Toelichting bij COM(2010)18 - Voorstel voor een besluit van de Raad XX waarbij lidstaten worden gemachtigd om toe te treden tot het op 22 november 1928 te Parijs ondertekende Verdrag betreffende internationale tentoonstellingen, zoals aangevuld met de protocollen van 10 mei 1948, 16 november 1966, 30 november 1972 en zoals gewijzigd op 24 juni 1982 en 31 mei 1988 EN

Dit is een beperkte versie

U kijkt naar een beperkte versie van dit dossier in de EU Monitor.

1. ACHTERGROND VAN HET VOORSTEL

Motivering en doel van het voorstel



De Republiek Letland heeft de wens geuit toe te treden tot het op 22 november 1928 te Parijs ondertekende Verdrag betreffende internationale tentoonstellingen, zoals aangevuld met de protocollen van 10 mei 1948, 16 november 1966, 30 november 1972 en zoals gewijzigd op 24 juni 1982 en 31 mei 1988 (hierna 'Verdrag van Parijs' genoemd).

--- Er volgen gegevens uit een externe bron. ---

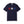Navy blue t-shirt with red, white, and blue paw prints on a white background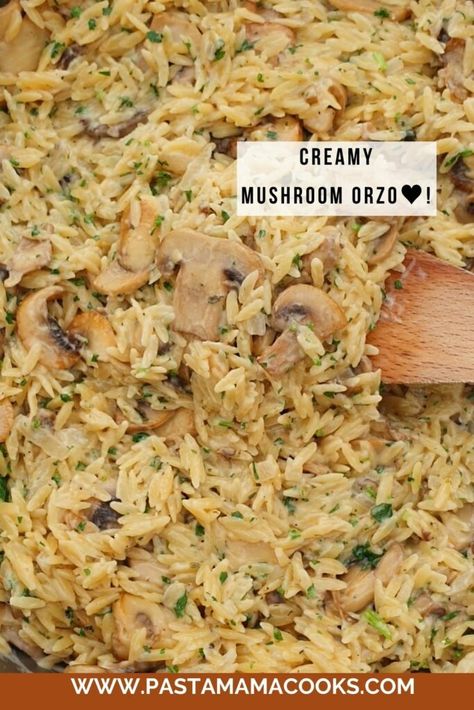 Creamy Mushroom Orzo: Not Just Your Slippery Rice Dish! Last time I whipped up dinner, I went for something a little cheeky. I served my family this luscious, comforting dish and had them raving about it, thinking they were tucking into some sort of “extra slippery rice”, as they put it. A bit of fun was had, and I couldn’t help but giggle at their assumptions. Orzo Mushroom, Pasta Mama, Creamy Orzo Pasta, Mushroom Orzo, Chicken Mushroom Pasta, Orzo Dishes, Creamy Orzo, Rice Substitute, Orzo Recipe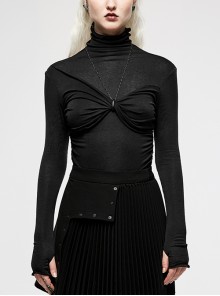 Punk Elasticity Soft Modal Cotton Pleated Asymmetric Butterfly Design Chain Buckle Black Long Sleeve T-Shirt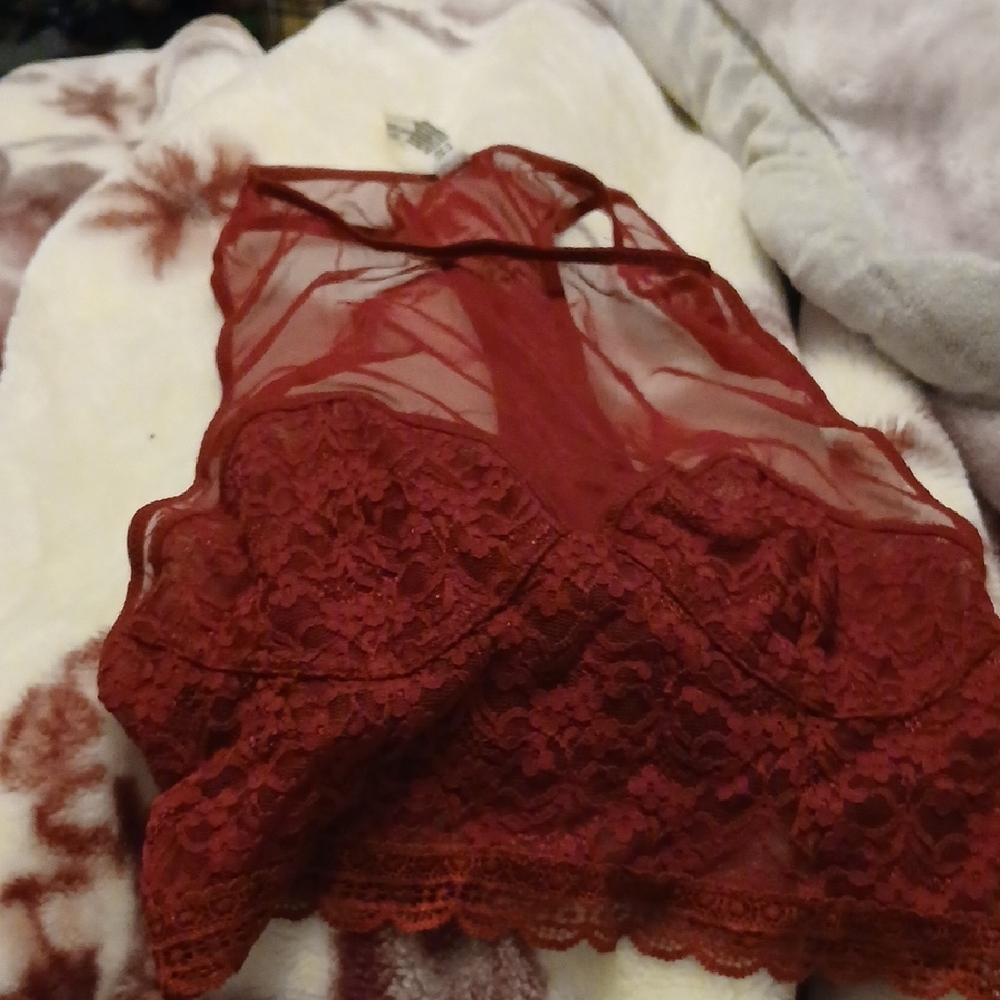 Free People Burgundy Lace Chemise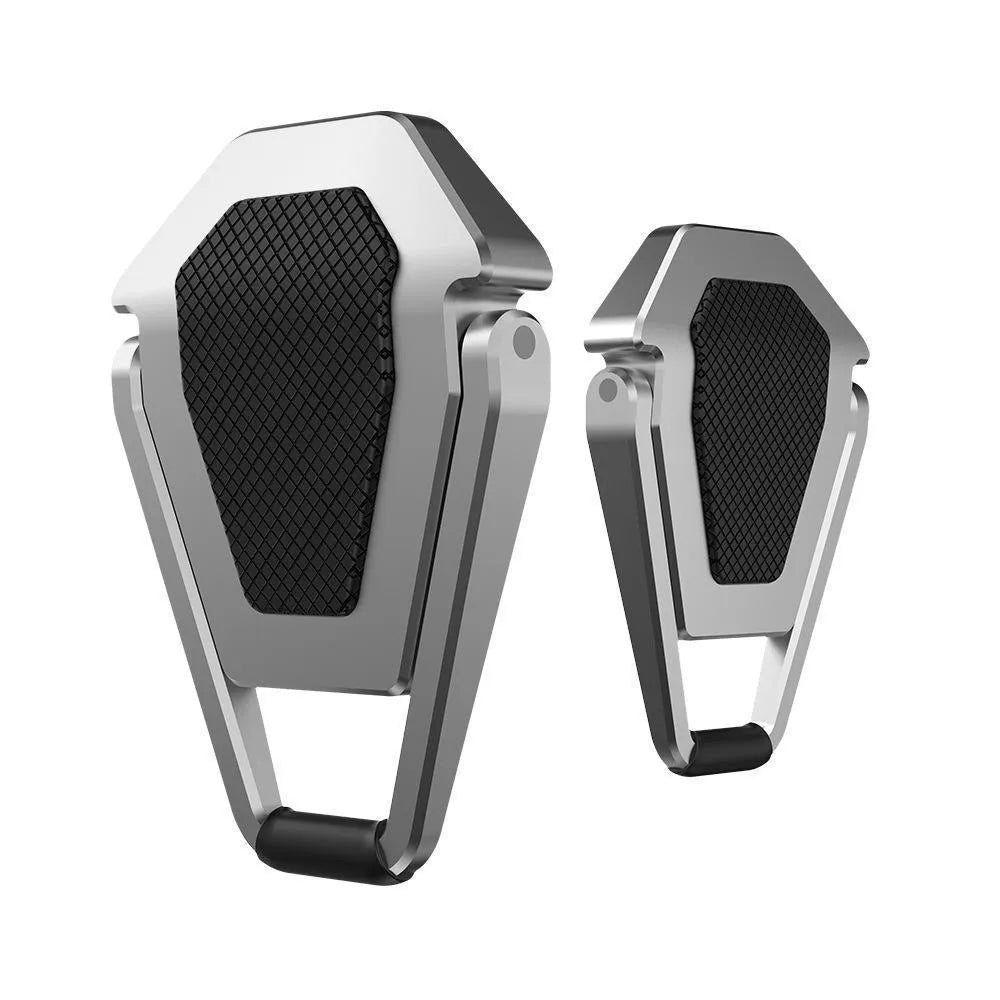 Portable aluminium alloy laptop stand bracket in silver and white foldable design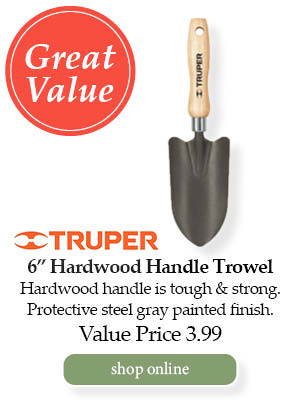 Truper 6-inch Hardwood Handle Trowel - Value Price $3.99. Hardwood handle is tough & strong. Protective steel gray painted finish. | Shop online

Aangezien het Verdrag van Parijs aspecten regelt die onder de douanewetgeving van de Europese Unie vallen, heeft een lidstaat die wil toetreden tot dat Verdrag, toestemming van de Europese Unie nodig.

Algemene context



Het Verdrag van Parijs strekt ertoe de frequentie en de kwaliteit van en de procedures betreffende internationale tentoonstellingen die onder het toepassingsgebied van het Verdrag vallen, te regelen.

In artikel 16 en de bijlage bij het Verdrag van Parijs inzake douanevoorschriften voor de invoer van artikelen door deelnemers aan internationale tentoonstellingen is bepaald dat landen die tentoonstellingen organiseren, tijdelijk voorwerpen van deelnemers aan internationale tentoonstellingen dienen toe te laten. De tijdelijke invoer is geregeld door de artikelen 137 tot en met 144 van het communautair douanewetboek (Verordening (EEG) nr. 2913/92 van de Raad), dat met betrekking tot tentoonstellingen ten uitvoer is gelegd door artikel 576 van de uitvoeringsbepalingen van het communautair douanewetboek (Verordening (EEG) nr. 2454/93 van de Commissie).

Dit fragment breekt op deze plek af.